> **DATA RECORDS**:
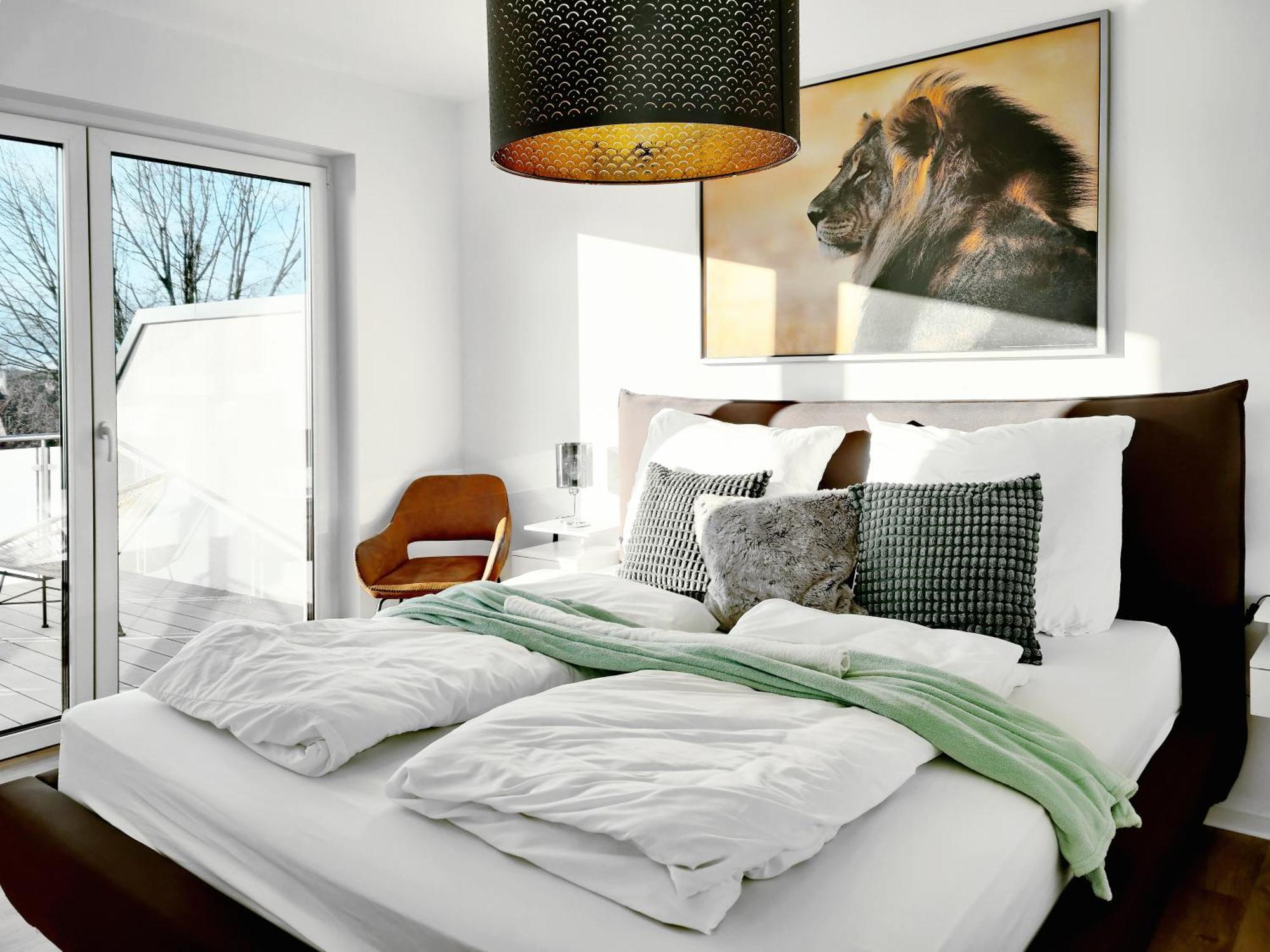 Penthouse Mit Whirlpool Bei Hannover Burgwedel  Luaran gambar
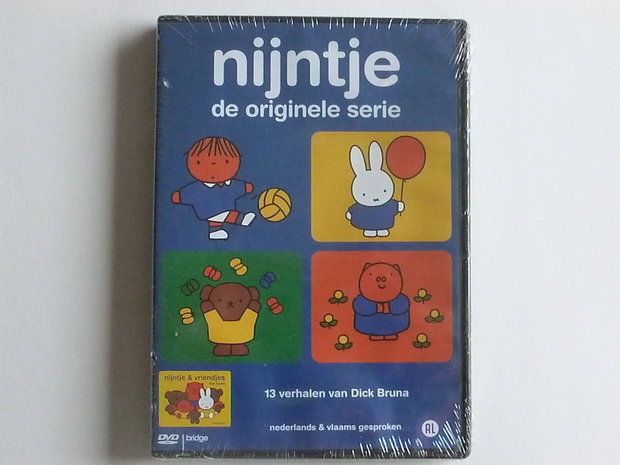 Nijntje - De originele serie (DVD) nieuw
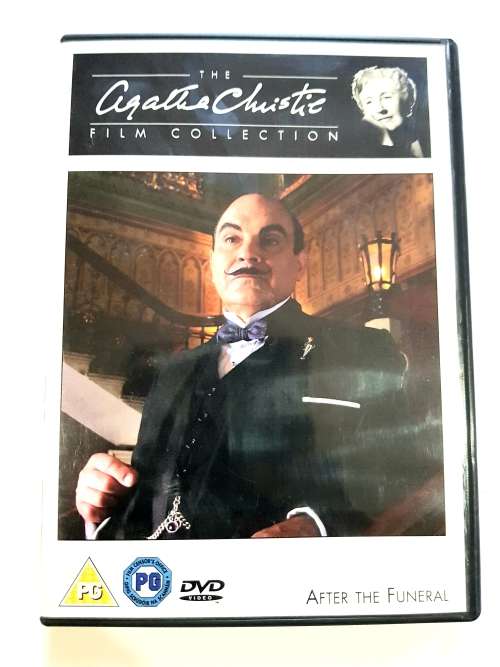 Agatha Christie Film Collection, After The Funeral DVD + magazine, No. 21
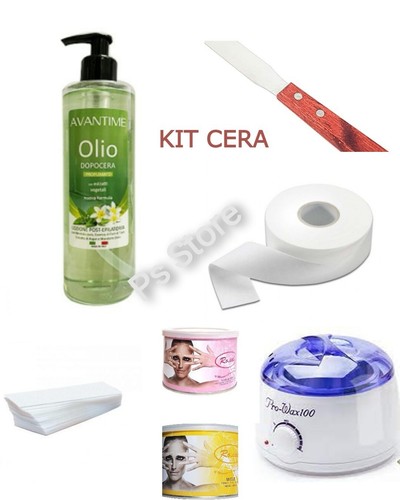 Kit depilazione cera - depilazione,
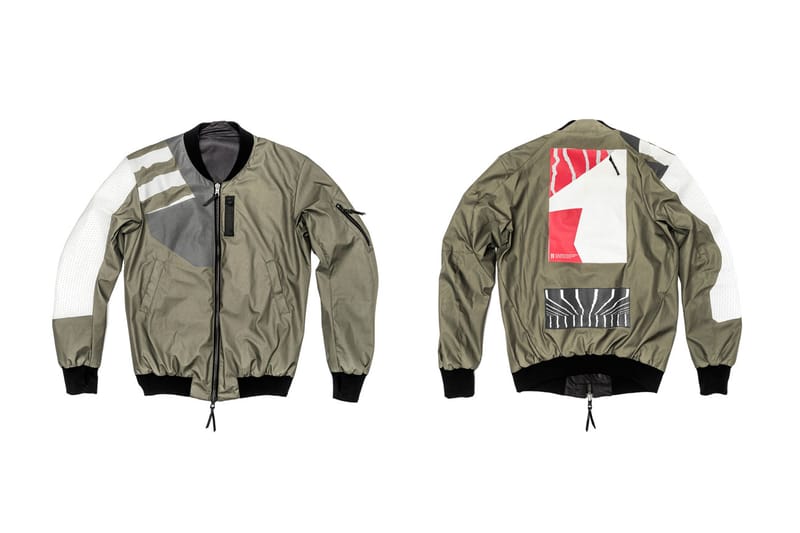 ジャケット・アウター 11 Boris Bidjan Saberi reversible bomber 11 by Boris Bidjan Saberi SS15 Reversible Taped Bomber | eBay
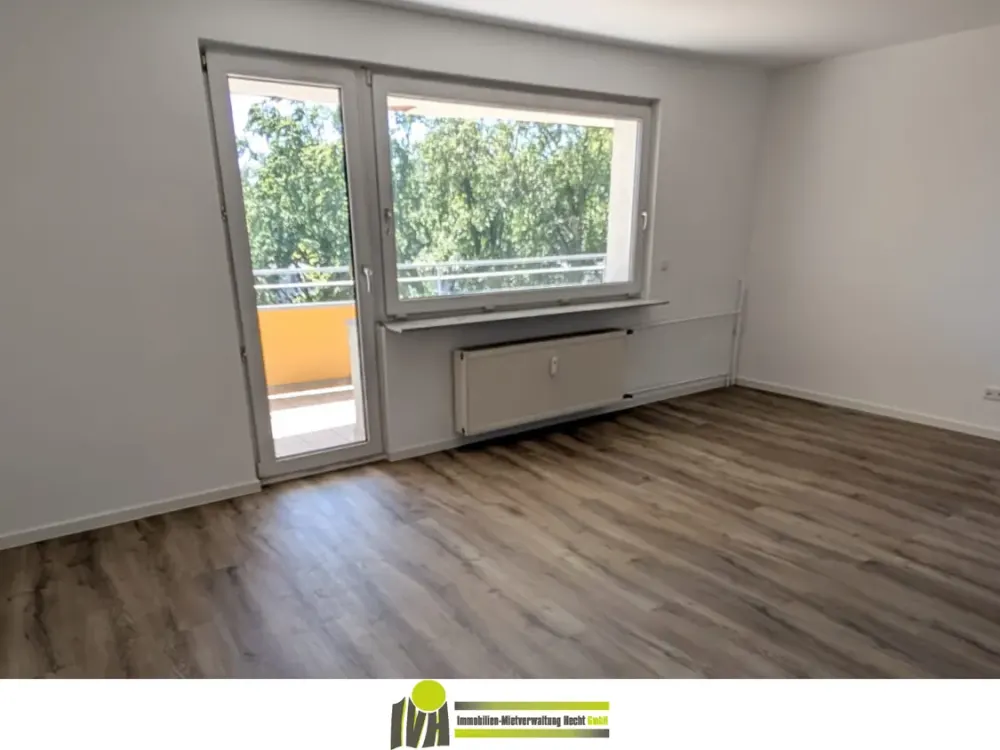 Frisch sanierte 3-Zimmer-Wohnung mit großem Sonnenbalkon in Neu-Isenburg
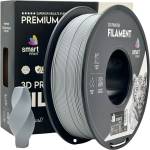 Smart Print FG-S63-E1, 3D нишка, PLA, 1, 75 mm, 1000 g, Сив (Grey) (FG-S63-E1)
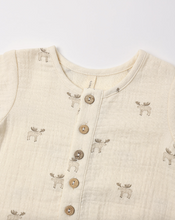 Load image into Gallery viewer, Woven Jumpsuit - Moose
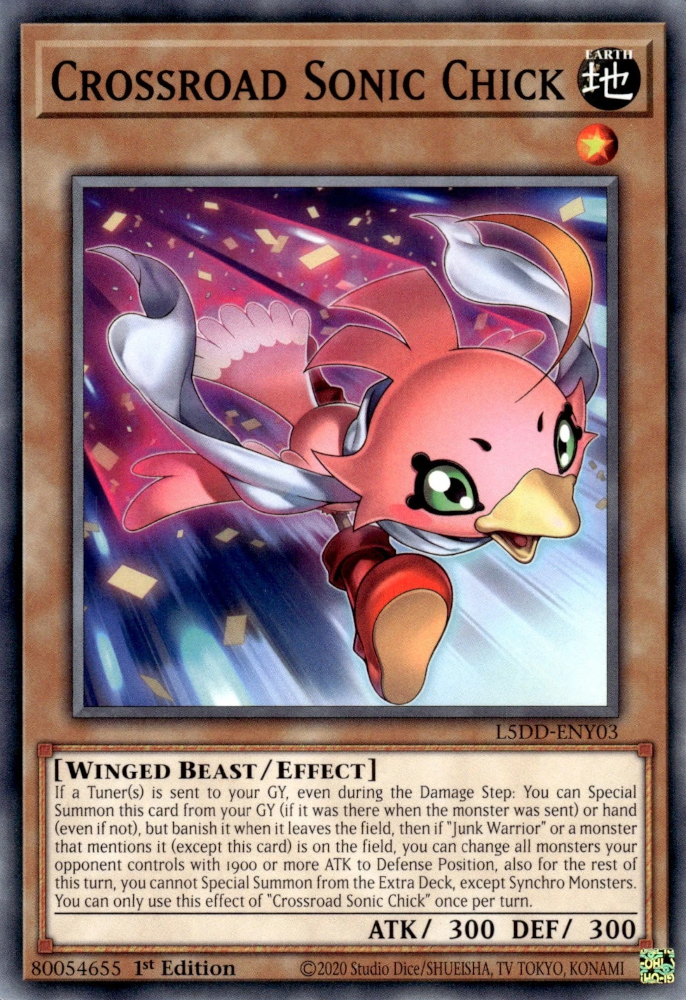Crossroad Sonic Chick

> **YOUR TASK**: The lines above must be transcribed exactly, with every picture left out.

> **SOLUTION**:
 Penthouse Mit Whirlpool Bei Hannover Burgwedel  Luaran gambar
 Nijntje - De originele serie (DVD) nieuw
 Agatha Christie Film Collection, After The Funeral DVD + magazine, No. 21
 Kit depilazione cera - depilazione,
 ジャケット・アウター 11 Boris Bidjan Saberi reversible bomber 11 by Boris Bidjan Saberi SS15 Reversible Taped Bomber | eBay
 Frisch sanierte 3-Zimmer-Wohnung mit großem Sonnenbalkon in Neu-Isenburg
 Smart Print FG-S63-E1, 3D нишка, PLA, 1, 75 mm, 1000 g, Сив (Grey) (FG-S63-E1)
 Load image into Gallery viewer, Woven Jumpsuit - Moose
Crossroad Sonic Chick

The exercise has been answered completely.